The vote on the referendum called in Ecuador by the president Daniel Noboa For this Sunday it started with eleven questions to be answered by citizens to strengthen the fight against organized crime, attract investments through the recognition of international arbitrations and encourage the creation of employment with temporary and hourly contracts.
From 7:00 a.m. local time (12:00 GMT) to 5:00 p.m. local time (22:00 GMT), the 4,322 voting centers established for this appointment with the polls will be open, to which more than 13 are invited, 6 million Ecuadorians, of which more than 400,000 vote abroad.
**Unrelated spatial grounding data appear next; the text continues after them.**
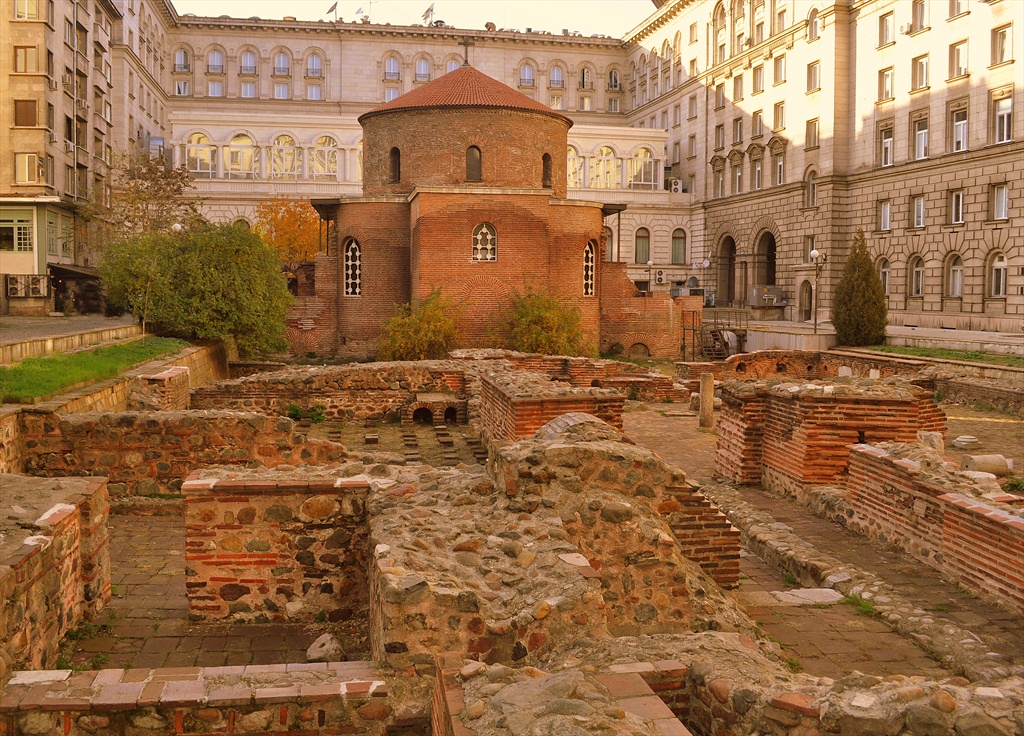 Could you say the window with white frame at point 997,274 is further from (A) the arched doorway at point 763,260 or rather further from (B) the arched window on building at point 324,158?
(B) the arched window on building at point 324,158

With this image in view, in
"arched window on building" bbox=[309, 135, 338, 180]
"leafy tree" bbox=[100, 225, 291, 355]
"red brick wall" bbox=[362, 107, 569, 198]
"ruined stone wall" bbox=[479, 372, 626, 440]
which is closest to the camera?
"ruined stone wall" bbox=[479, 372, 626, 440]

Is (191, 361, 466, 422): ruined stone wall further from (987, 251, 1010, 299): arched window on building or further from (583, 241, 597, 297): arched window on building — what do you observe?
(987, 251, 1010, 299): arched window on building

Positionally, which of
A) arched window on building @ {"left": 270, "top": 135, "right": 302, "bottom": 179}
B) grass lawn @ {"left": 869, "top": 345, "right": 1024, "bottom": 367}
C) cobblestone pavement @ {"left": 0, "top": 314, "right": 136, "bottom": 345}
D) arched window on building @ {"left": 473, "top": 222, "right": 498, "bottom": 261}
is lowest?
grass lawn @ {"left": 869, "top": 345, "right": 1024, "bottom": 367}

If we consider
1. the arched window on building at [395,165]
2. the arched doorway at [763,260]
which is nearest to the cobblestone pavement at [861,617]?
the arched window on building at [395,165]

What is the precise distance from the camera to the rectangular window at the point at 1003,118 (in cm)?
3241

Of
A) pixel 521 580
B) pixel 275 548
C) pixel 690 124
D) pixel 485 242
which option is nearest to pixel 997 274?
pixel 485 242

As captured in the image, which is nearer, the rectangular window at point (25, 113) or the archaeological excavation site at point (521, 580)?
the archaeological excavation site at point (521, 580)

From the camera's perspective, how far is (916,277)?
122 ft

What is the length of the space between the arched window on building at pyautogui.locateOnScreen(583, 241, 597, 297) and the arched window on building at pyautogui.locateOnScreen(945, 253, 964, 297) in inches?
561

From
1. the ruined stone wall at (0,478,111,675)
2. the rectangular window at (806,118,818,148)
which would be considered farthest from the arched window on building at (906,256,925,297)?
the ruined stone wall at (0,478,111,675)

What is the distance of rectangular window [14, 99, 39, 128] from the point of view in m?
Result: 34.3

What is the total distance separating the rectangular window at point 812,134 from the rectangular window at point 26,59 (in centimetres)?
3277

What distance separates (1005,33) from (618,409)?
29.7 metres

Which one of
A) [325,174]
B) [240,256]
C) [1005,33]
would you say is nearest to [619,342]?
[240,256] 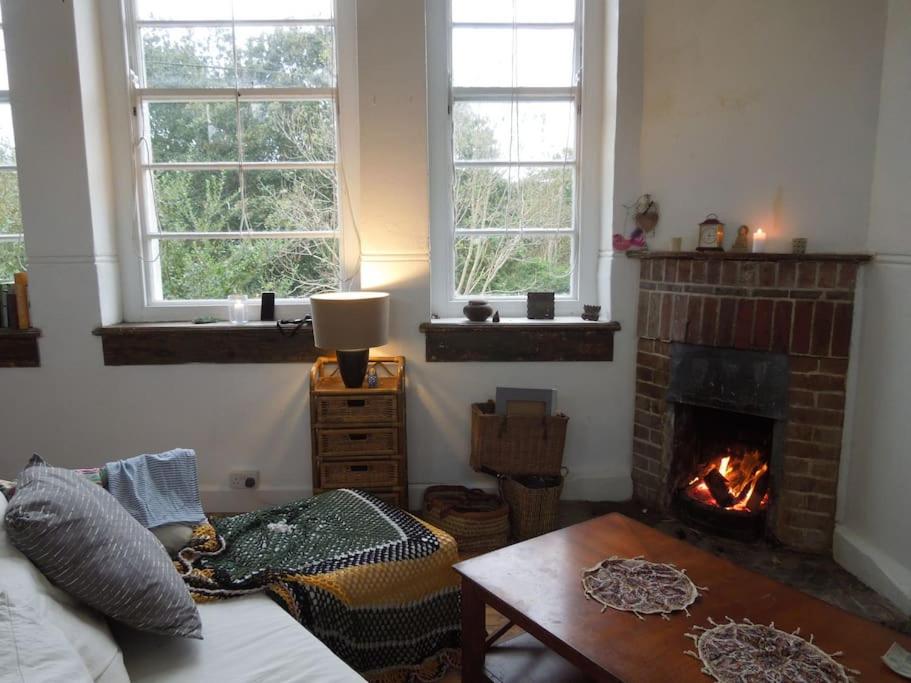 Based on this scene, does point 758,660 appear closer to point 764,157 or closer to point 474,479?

This vote will be a turning point for Noboa, who relies on the high popularity achieved in the first months of his mandate by having elevated the fight against criminal gangs to the category of “internal armed conflict.”
During the opening ceremony of the day, Noboa stressed that this referendum “will set the course of the challenge to confront organized crime, the fight against corruption and job creation.”.
«Today is our time to make history, to mark a before and after»said Noboa, for whom “This consultation raises several political flags”.
External and internal crisis
The referendum is being held at one of the most delicate moments for Noboa in the nearly five months he has been in power, with an international diplomatic crisis due to the assault on the Mexican Embassy to arrest former vice president Jorge Glas and with an internal energy crisis with blackouts of up to eight hours a day this week.
If he wins the plebiscite, Noboa will be reinforced with a view to the new general elections that will take place in less than ten months and where the president evaluates running for re-electionbut if he loses he may be weakened for the remainder of his term, until May 2025.
Criminal violence has also increased in the week of the referendum with the murder of two mayors in rural towns in whose territories there is presence of illegal miningan activity in which organized crime has also ventured, which has drug trafficking as its main business.
Reforms in Constitution
Among the eleven questions there are five that involve changes to the 2008 Constitution approved during the presidential term of Rafael Correa (2007-2017), while the remaining six must be processed through the National Assembly (Parliament), if they receive the support of the population.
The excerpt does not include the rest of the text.